* _EXERCISE DIRECTIONS_:
Two lines mark the range in the entries below: the one holding "Chiaia Apartment |" and the one holding "1602 Masons Creek Circle, Sandy". Set down those two and all lines between them, exactly.

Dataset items
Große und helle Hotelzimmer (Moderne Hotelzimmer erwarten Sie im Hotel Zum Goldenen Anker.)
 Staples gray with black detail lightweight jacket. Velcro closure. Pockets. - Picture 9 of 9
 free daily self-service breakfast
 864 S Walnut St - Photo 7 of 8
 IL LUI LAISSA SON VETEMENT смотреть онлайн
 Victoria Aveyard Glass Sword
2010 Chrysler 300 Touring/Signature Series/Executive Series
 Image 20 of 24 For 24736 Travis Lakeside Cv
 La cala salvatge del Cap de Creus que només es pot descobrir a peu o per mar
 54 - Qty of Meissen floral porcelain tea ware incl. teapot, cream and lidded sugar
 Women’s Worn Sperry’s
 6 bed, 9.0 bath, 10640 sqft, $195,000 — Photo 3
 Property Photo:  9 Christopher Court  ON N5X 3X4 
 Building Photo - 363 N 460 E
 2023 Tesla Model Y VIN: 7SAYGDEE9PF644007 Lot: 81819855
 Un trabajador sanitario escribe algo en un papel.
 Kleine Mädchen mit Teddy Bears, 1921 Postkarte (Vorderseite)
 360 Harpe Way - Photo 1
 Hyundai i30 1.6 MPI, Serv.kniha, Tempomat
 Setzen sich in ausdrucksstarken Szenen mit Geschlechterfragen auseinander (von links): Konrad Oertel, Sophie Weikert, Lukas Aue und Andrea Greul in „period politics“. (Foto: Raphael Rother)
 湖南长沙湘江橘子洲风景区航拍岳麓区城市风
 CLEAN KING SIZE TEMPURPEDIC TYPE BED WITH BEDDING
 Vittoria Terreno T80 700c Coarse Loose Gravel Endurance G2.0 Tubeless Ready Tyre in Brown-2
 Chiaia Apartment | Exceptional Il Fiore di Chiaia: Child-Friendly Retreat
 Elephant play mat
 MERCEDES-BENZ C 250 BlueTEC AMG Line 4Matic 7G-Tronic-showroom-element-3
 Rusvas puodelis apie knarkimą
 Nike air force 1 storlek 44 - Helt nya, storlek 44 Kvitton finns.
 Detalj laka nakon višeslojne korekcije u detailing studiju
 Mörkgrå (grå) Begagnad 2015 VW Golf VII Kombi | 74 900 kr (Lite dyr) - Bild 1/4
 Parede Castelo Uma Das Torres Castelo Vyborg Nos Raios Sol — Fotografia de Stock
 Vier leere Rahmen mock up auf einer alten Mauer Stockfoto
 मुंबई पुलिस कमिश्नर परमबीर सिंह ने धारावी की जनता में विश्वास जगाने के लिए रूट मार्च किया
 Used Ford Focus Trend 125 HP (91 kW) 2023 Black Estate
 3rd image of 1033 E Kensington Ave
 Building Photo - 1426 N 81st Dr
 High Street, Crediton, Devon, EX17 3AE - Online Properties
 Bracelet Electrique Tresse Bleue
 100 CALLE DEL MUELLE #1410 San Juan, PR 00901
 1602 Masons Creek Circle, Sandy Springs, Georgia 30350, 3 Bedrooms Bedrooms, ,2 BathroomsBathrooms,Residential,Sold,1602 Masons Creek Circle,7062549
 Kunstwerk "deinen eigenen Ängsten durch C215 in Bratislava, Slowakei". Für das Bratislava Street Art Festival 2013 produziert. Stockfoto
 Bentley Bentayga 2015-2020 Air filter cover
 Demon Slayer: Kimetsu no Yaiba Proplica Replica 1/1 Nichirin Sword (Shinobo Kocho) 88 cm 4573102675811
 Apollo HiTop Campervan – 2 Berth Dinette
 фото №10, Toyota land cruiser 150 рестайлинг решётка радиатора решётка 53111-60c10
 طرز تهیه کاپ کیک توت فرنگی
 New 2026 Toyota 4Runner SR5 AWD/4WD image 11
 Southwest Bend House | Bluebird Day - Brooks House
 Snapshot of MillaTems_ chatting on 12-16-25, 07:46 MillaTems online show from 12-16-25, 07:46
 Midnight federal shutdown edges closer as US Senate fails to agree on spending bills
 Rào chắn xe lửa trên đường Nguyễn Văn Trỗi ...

* _RESULT OF THIS EXERCISE_:
 Chiaia Apartment | Exceptional Il Fiore di Chiaia: Child-Friendly Retreat
 Elephant play mat
 MERCEDES-BENZ C 250 BlueTEC AMG Line 4Matic 7G-Tronic-showroom-element-3
 Rusvas puodelis apie knarkimą
 Nike air force 1 storlek 44 - Helt nya, storlek 44 Kvitton finns.
 Detalj laka nakon višeslojne korekcije u detailing studiju
 Mörkgrå (grå) Begagnad 2015 VW Golf VII Kombi | 74 900 kr (Lite dyr) - Bild 1/4
 Parede Castelo Uma Das Torres Castelo Vyborg Nos Raios Sol — Fotografia de Stock
 Vier leere Rahmen mock up auf einer alten Mauer Stockfoto
 मुंबई पुलिस कमिश्नर परमबीर सिंह ने धारावी की जनता में विश्वास जगाने के लिए रूट मार्च किया
 Used Ford Focus Trend 125 HP (91 kW) 2023 Black Estate
 3rd image of 1033 E Kensington Ave
 Building Photo - 1426 N 81st Dr
 High Street, Crediton, Devon, EX17 3AE - Online Properties
 Bracelet Electrique Tresse Bleue
 100 CALLE DEL MUELLE #1410 San Juan, PR 00901
 1602 Masons Creek Circle, Sandy Springs, Georgia 30350, 3 Bedrooms Bedrooms, ,2 BathroomsBathrooms,Residential,Sold,1602 Masons Creek Circle,7062549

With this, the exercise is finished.